First comes fame, then greed, then betrayal and finally lawsuits. Lady Gaga traversed the full arc of rock stardom yesterday (Mar. 17) when she was sued by her business partner and former lover, Rob Fusari.
Ironically, Fusari picked up Gaga when she was still known by her real name, Stefani Germanotta, and had been summarily dumped by her first record label. That’s usually the kiss of death for an artist.
Fusari claims in the $35 million suit that he co-wrote her songs, came up with her stage name and pointed her toward a record deal. In return, he charges, Gaga pushed him out of her life once her debut album, The Fame, took off and launched her career.

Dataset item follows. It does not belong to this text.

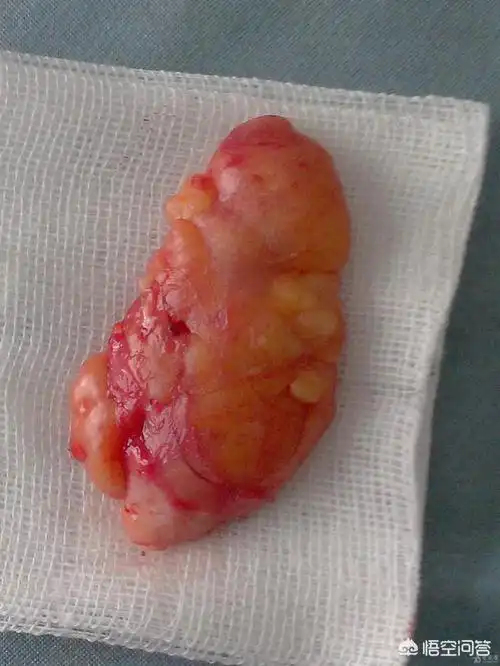 脂肪瘤有什么好的处理方法么?_尚可名片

Gaga has since become a major dance/pop star who sells out stadium concerts and has won two Grammys.
Fusari realized she had star potential after inviting her to play for him at his Livingston, New Jersey, studio, the suit said.
He spent months “radically reshaping her approach,” persuading her to become a dance artist. What’s more he co-wrote some of her biggest hits, including “Paparazzi” and “Beautiful, Dirty, Rich.”

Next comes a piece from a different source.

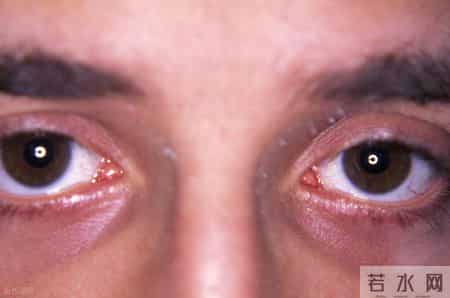 带状疱疹治疗有讲究！不同人群对应不同方案，别盲目用药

Both songs are on “The Fame.”
Fusari also came up with the name Lady Gaga, adapted from Queen’s hit song, “Radio Ga Ga,” the lawsuit states.
Gaga and Fusari became romantically involved and formed a business partnership in May 2006, which is the basis for the lawsuit.
The joint venture, Team Love Child LLC, gave Fusari a 20 percent of the royalties and 15 percent of merchandise, which is actually pretty generous on his part, given she was an unknown, once-rejected artist.
“The Fame” released in 2008 by Interscope records sold more than 3 million copies domestically, and Fusari’s name appears on the album as a producer.
Typically, the case will be settled and Fusari’s interest will be bought out for some sum of money. Or he could go the distance and force an accounting of hear earnings.
“All business is personal,” Fusari said in the lawsuit.